155. We also clarify that all appointments of Members and Chairpersons whose selection or recommendation by the Search-cum-Selection Committee was completed before the commencement of the Tribunal Reforms Act, 2021, but whose formal appointment notifications were issued after the Act came into force, shall be protected. Such appointments will continue to be governed by the parent statutes and by the conditions of service as laid down in MBA (IV) and MBA (V), rather than by the truncated tenure and altered service conditions introduced by the Tribunal Reforms Act, 2021."

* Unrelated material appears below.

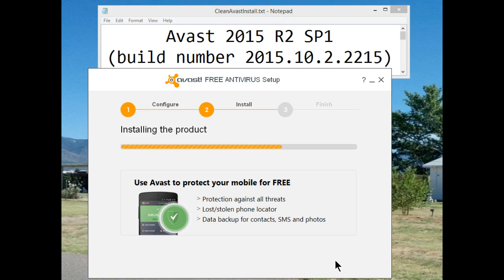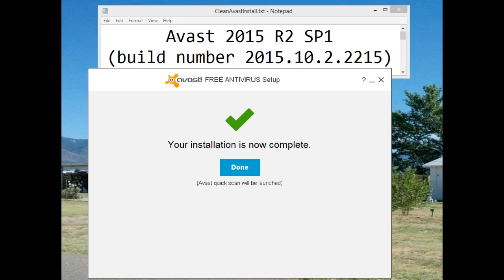Remember that Avast can also protect your Android mobile devices — smartphones and tablets. That completes a clean install of Avast. The only thing left to be done after this will be registration.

Since the issue that arises here will have ramification for all the Administrative Tribunals which come under the purview of the Tribunal Reforms Act, 2021, we deem it appropriate to issue notice to the Registrars of the Central Administrative Tribunal, Principal Bench as also the Kolkata Bench and request them to make it convenient to appear before us either 4 in person or through learned advocate, whether physically or on virtual mode, and to make appropriate submission on the aforesaid issue along with supporting records as to whether or not the Benches of the Central Administrative Tribunal whose members were appointed pursuant to the provisions of 2021 Reforms Act, can function any further in view of the decision of the Hon'ble Supreme Court in the Madras Bar Association case.
The Registrar, Circuit Bench at Port Blair as well as learned advocate for the appellant are requested to immediately communicate this order to the Registrar of Central Administrative Tribunal, Principal Bench at Delhi and also the Registrar, Central Administrative Tribunal, Kolkata Bench.
Let this matter be listed again on Wednesday (February 04, 2026).